Data Quality Flashcards
Data Quality Indicators (TARMAC)
Trackability, Acceptibility, Relevance, Measureability, Accountability, Controllability
TARMAC - trackability
Can measure data quality over time
TARMAC - Acceptability
be able to define what good looks like
TARMAC - Relevance
Make sure measuring something relevant to the business
TARMAC - Measureability
What will actually be measured? how can it be measured?
TARMAC - Accountability/Stewardship
Who will be held accountable if it goes wrong?
TARMAC - Controllability
Defining remedial actions in advance of the thing going wrong
What must you know to be able to define quality quality?
the purpose of use of the data
How can you manage data quality when you don’t know the purpose?
don’t over assume - stick to basic validity
Reference Data
data not subject to change e.g., identifiers
Master Data
Descriptive attributes of business entities
What can be defined as data standards?
data types, acceptable values, attribute domains, metadata format
What are the two type of data quality management?
- Governing/Strategic
- Tactical
What is tactical data quality management?
short terms fixing of problems
What is governing/strategic data quality management?
Overarching long term goals e.g., root cause analysis
Common DQ mistakes
- failing to consider the intended use of the data
- Confusing Validity and accuracy
- treating it as a one time activity
- not fixing at the source
- applying software quality principle’s
- laziness, blaming the system
- believing good data quality is the end goal (not the use of that data)
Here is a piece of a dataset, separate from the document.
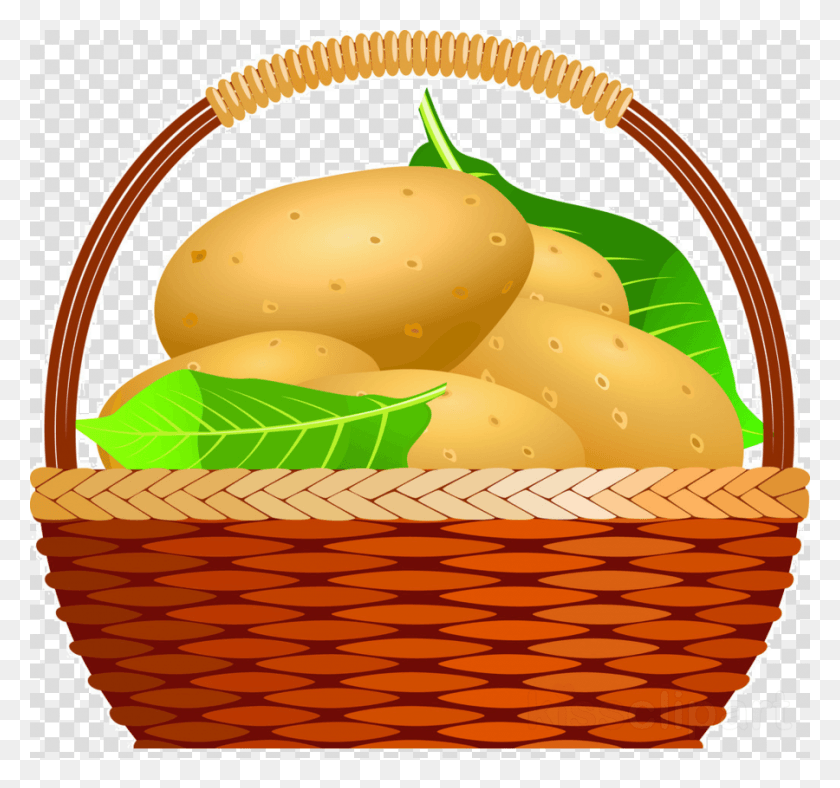 900x840 Potatoes Basket Clipart Royalty Free Clip Art Eye Color Black, Plant, Egg, Food HD PNG Download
- believing that quantity beats quality
Data quality firewall
taking external data and applying data cleansing before it is stored in the DB
Impacts of of poor data
- aggravation
- loss of reputation
- loss of business
- regulatory risk
- loss of life
Why is it important to communicate the cost of poor quality data?
to raise awareness
Data Quality Management Cycle
Plan -> Deploy -> Monitor -> Action
What are the four data quality governance steps
- standardisation
- assignment
- escalation
- completion
Causes of data issues
Human causes
Organisational (system)
Physical causes
roles of a the data quality oversight board
- setting data quality improvement priorities
- establishing communications & feedback mechanisms
- producing certification & compliance policies
- approving data quality strategies
Data Quality Service Level Agreement (SLA) will include
defining roles & responsibilities for data quality
What is a key process of defining data quality business rules
separating data that does not meet business needs from the data that dies
Why is top down and bottom up profiling best done together?
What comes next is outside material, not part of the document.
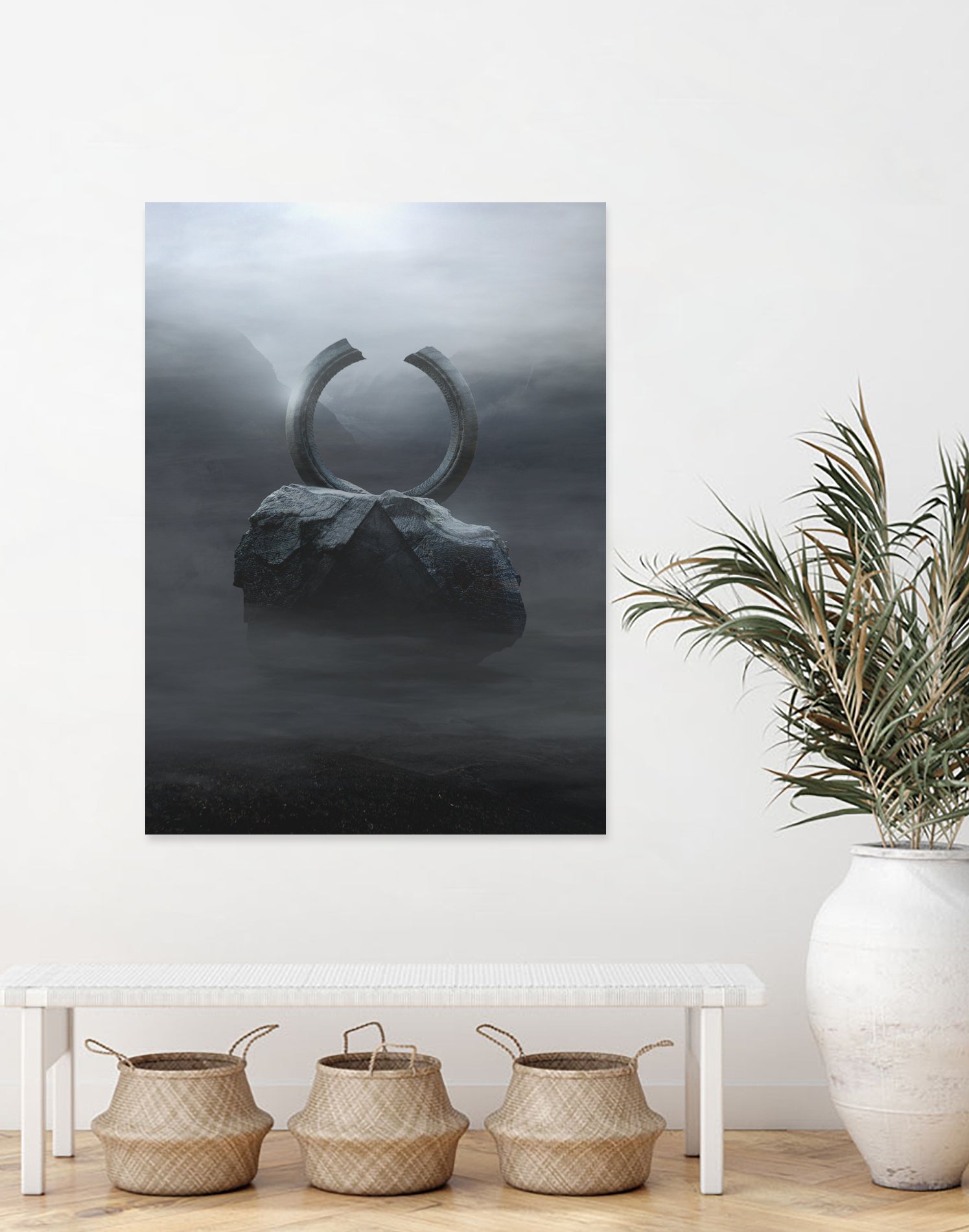 Odin by Tierno Beauregard on GIANT ART - gray digital painting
it balances the business relevance and the actual state of the data
Steps in root cause analysis
- define the problem
- collect data
- identify all possible casual factors
- identify root causes(s)
- recommend and implement solutions
Dimensions of data quality
Completeness
Consistency
Currency
Reasonableness
Integrity
Timeliness
Validity
Accuracy
Uniqueness
(privacy)
(precision)
Completeness Data Quality DImension
All mandatory values are present
Consistency Data Quality DImension
Data of one concept corresponds with the same concept in another system
Currency Data Quality DImension
Is the data up to date
Reasonableness Data Quality Dimension
Business rules, does it feel right/ is it inline with what is expected
Integrity Data Quality Dimension
Child data must have a parent
Timeliness Data Quality Dimension
Accessibility/ availability
Validitity Data Quality Dimension
Is the value in the correct domain?
Accuracy Data Quality Dimension
Does the data correctly represent the real life model
Uniqueness Data Quality Dimension
business concept must not be duplicated.
How to measure data quality?
Stats (sampling / basic summaries/ process control charts)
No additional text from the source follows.